_AIM OF THE TASK_: Reproduce, exactly, the lines of the material below from the line containing "Fall Winds Duvet Cover" through the line containing "Жилье для переселенцев.", with both end lines included and nothing else.

_MATERIAL PROVIDED_:

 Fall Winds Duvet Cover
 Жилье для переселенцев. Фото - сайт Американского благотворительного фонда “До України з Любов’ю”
...
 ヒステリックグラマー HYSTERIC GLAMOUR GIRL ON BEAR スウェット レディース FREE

_EXERCISE SOLUTION_:
 Fall Winds Duvet Cover
 Жилье для переселенцев. Фото - сайт Американского благотворительного фонда “До України з Любов’ю”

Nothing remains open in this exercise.